# INCI...Olea Europaea (Olive) Oil OR Sodium Olivate?



## Sativa Skin Care (Oct 22, 2010)

When listing my ingredients I noticed that INCI has different names for oils than they do oil soap...but not for all oils. Which one do I list? Thanks so much!

For example:

Safflower Oil = Carthamus Tinctorius (Safflower) Seed Oil 

Olive Oil = Olea Europaea (Olive) Oil
Olive Oil Soap = Sodium Olivate 

Palm Oil  = Hydrogenated Palm Oil
Palm Oil Soap = Sodium Palmate


----------



## VelvetDragon (Oct 22, 2010)

I believe the second listing, for such-and-such soap, is the name for what happens when that oil reacts with lye. Theoretically, after the chemical reactions, neither lye nor the oil are present in the soap, anymore, but instead have combined into the soap with a byproduct of glycerin.
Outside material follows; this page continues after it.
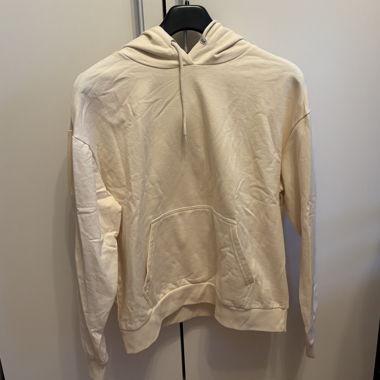 Weisser Kapuzenpullover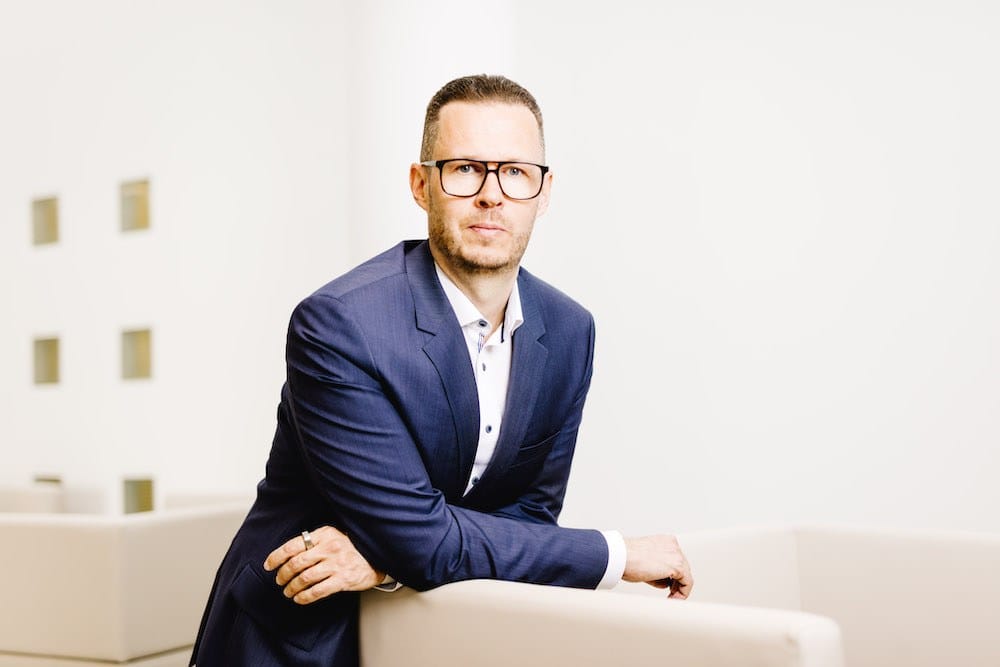 Osaamisalajohtaja Jarmo Mikkolan mukaan on tärkeää, että opiskelijat pääsevät soveltamaan oppimaansa käytäntöön opintojen alusta lähtien.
Are you listing ingredients for soap or a cosmetic?


----------



## carebear (Oct 22, 2010)

you list the actual things going into your formula.  if you use a soap base you use the ingredient list provided by the manufacturer.  

the  -ate words mean the oil has been saponified, by the way.



			
				VelvetDragon said:
			
		

> neither lye nor the oil are present in the soap, anymore


wrong, at least for hand crafted soap.  the lye is consumed but there IS residual oil (aka superfat, or the result of the lye discount)


----------



## Sativa Skin Care (Oct 23, 2010)

Thank you both for the input!
I knew that one was saponified and the other wasn't but couldn't decide which made most sense to list, so thank you for that!

I take it if the manufacturer list said "Saponified oils of: xxxxx" then I would use the other INCI name?

Thanks for helping me understand this better, I appreciate it!


----------